• SUPPLIED MATERIAL:
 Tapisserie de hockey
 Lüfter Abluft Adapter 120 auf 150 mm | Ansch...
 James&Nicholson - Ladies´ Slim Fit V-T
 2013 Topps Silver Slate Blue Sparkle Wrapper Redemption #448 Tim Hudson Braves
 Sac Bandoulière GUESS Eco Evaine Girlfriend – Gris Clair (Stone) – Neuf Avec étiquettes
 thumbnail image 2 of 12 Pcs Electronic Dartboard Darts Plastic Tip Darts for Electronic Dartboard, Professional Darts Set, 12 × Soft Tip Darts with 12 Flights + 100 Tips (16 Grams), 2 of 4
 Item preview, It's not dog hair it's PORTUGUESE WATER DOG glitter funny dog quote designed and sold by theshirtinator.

...

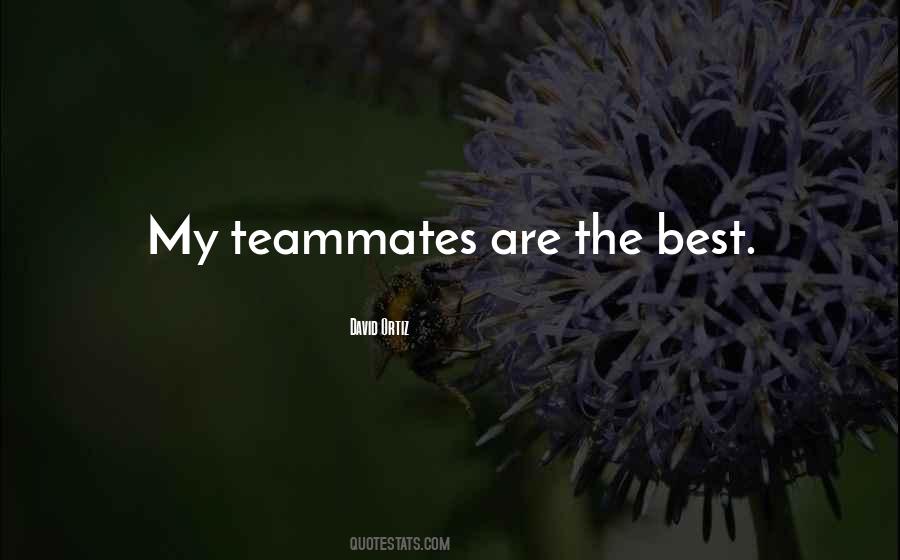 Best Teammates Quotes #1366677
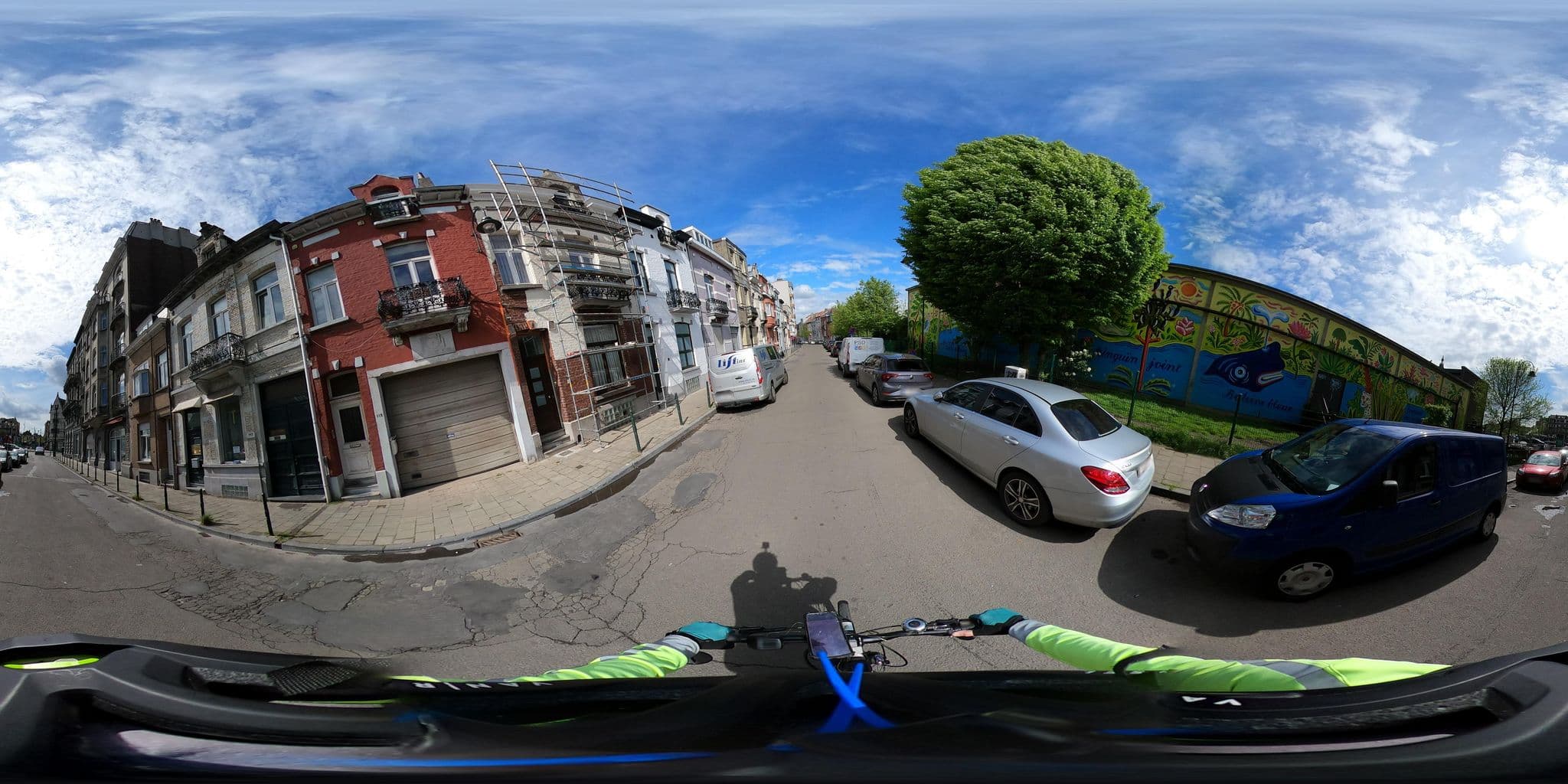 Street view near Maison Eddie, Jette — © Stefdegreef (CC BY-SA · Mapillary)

• HOW TO COMPLETE THIS TASK: In the entries above, the lines between the one holding "James&Nicholson - Ladies´ Slim Fit V-T" and the one holding "Item preview, It's", inclusive, are to be printed exactly as written, and those alone.

• THE ANSWER:
 James&Nicholson - Ladies´ Slim Fit V-T
 2013 Topps Silver Slate Blue Sparkle Wrapper Redemption #448 Tim Hudson Braves
 Sac Bandoulière GUESS Eco Evaine Girlfriend – Gris Clair (Stone) – Neuf Avec étiquettes
 thumbnail image 2 of 12 Pcs Electronic Dartboard Darts Plastic Tip Darts for Electronic Dartboard, Professional Darts Set, 12 × Soft Tip Darts with 12 Flights + 100 Tips (16 Grams), 2 of 4
 Item preview, It's not dog hair it's PORTUGUESE WATER DOG glitter funny dog quote designed and sold by theshirtinator.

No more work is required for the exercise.